Ozone, like any other oxidant, seldom achieves a complete mineralization of
NOM. Organic matter is partly oxidized and becoming more easily
biodegradable. This result in a higher amount of BDOC (Biodegradable DOC),
As a result ozone improves the removal process of NOM by a subsequent
filter, when it is used as a pre-oxidant. In a research, the effect of ozone
in combination with a biological filter is described. The combined treatment
resulted in a reduction of DOC by 40-60%. The removal is even greater when
ozone is used in combination with a coagulant. This is because ozone can
enhance the coagulation process. The combination coagulation-ozone-bio
filtration results in a DOC reduction by 64%. When only bio filtration was
applied, the reduction rate was only 13%. The optimal concentration to
remove organic matter by ozone was at an ozone dose of O3/DOC = 1 mg/mg.
Most inorganic matters can be eliminated by ozone quite fast. After
Ozonation, bio filtration is also required for inorganic matter. Namely,
oxidation forms unsoluble compounds that need to be removed during the next
water purification stage.
- Removal of Disinfection By-Products : -
- Disinfection byproducts (DBP) are mainly formed during the reaction
between organic material and a disinfectant. The reaction of chlorine
with matter can lead to the formation of chlorinated organic DBP's, such
as Trihalomethanes (THM). Ozone can also react with organic matter and
form DBP's. These are mainly organic disinfection byproducts, such as
aldehydes and ketones, which can be easily degraded in a bio filter
(90-100%). Generally, this organic ozone DBP's do not form risk of
violation of drinking water standards, when ozone is used as a
pre-oxidant.
To reduce the amount of DBP's at a conventional disinfection system
(disinfection by chlorine) it is important that potential to form DBP's
remains low. This is often expressed as DBP formation potential (DBPFP). The
potential to form DBP's can be reduced by the removal of (most of the) NOM,
for example by pre-oxidation with ozone (ozone-filtration). This combination
can lower the DBPFP by 70-80% when chlorine is used as a final disinfectant.
This concerns the DBPFP for THM's, HAA (haloacetic acids) and chloral
hydrate.
Ozone is a more effective disinfectant than chlorine, chloramines and even
chlorine dioxide.

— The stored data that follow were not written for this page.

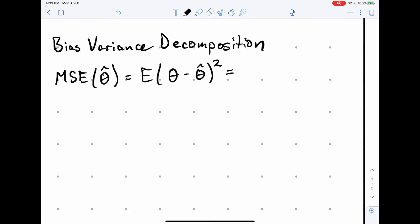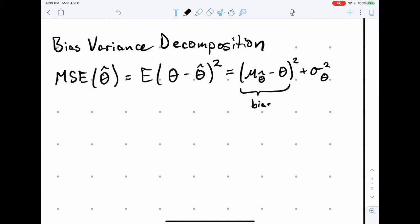Here's the bias-variance decomposition. The first part is called the bias. Bias is the difference of the mean of the estimator — that's this first part — the mean of the estimator minus the true parameter that you're trying to estimate. That's the systematic bias built into that estimator. If this term equals zero, we call it an unbiased estimator. The other term is the variance of θ̂ — that's the variance. So we can break the MSE down into bias and variance terms.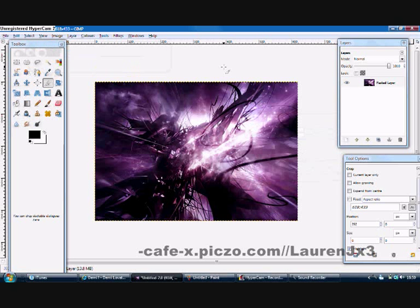Hi, I'm Lauren from dashcafe-ex.pixel.com and I'm going to show you how to do a GIMP tutorial using layers.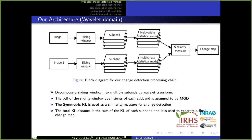Our proposed method's use of wavelet domain is justified by the fact that texture can be easily represented and discriminated by wavelet decomposition. Therefore, the implementation of our approach in a wavelet decomposition schema can lead to improved change detection performance. Our approach uses a sliding window where the wavelet transform is applied in each window, producing multiscale oriented subbands that are sensitive to horizontal, vertical, and diagonal edges.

An ozone dose of 0.4 mg for 4 minutes is usually effective
for pre-tested water. Several studies proved that ozone, unlike chlorine
products, can deactivate resistant micro-organisms.

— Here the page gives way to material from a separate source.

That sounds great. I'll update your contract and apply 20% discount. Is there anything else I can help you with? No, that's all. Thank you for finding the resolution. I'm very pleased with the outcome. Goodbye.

- Removal of Pesticides : - Micro-pollutants such as pesticides
may occur in surface water, but also increasingly in groundwater.
Drinking water standards for pesticides in the European Union are
strict.
Several surveys show that ozone can be very effective for the oxidation of
several pesticides. It is proved that three barriers
(storage-ozonation-granular active carbon filter) are effective and safe
enough for the removal of pesticides. From 23 tested pesticides, 90% were
degraded sufficiently (80% degradation). For highly resistant pesticides, a
higher dosage of ozone is advised, or ozone combined with hydrogen peroxide.